ASSIGNMENT –
Copy, word for word, the lines below from the one containing "Building Photo - 305 Rose Hill Rd" up to and including the one containing "3 Poplar Road, Amityville NY 11701", with pictures left out.

(Beginning of RECORDS PROVIDED)

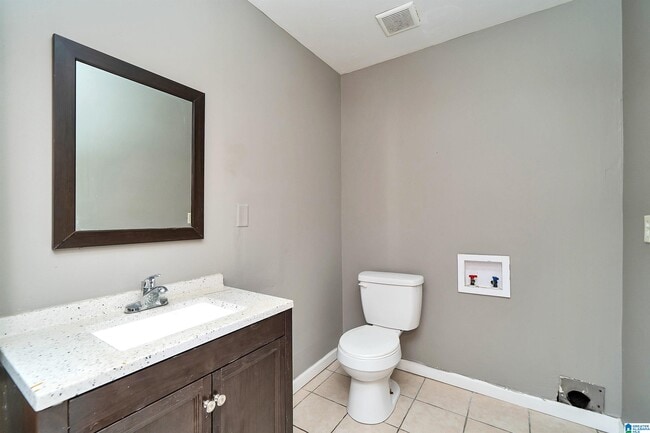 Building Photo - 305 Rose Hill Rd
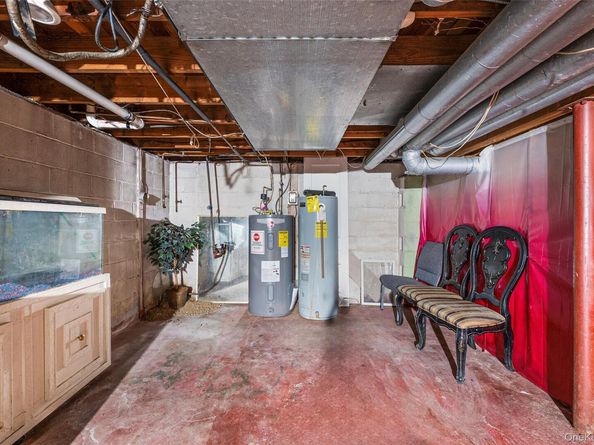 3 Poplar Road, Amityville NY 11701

(End of RECORDS PROVIDED)
(Beginning of RECORDS PROVIDED)

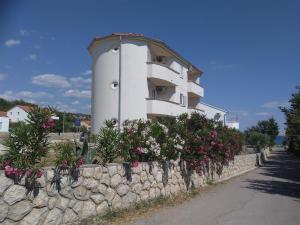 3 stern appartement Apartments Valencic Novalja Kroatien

(End of RECORDS PROVIDED)

WRITTEN ANSWER –
 Building Photo - 305 Rose Hill Rd
 3 Poplar Road, Amityville NY 11701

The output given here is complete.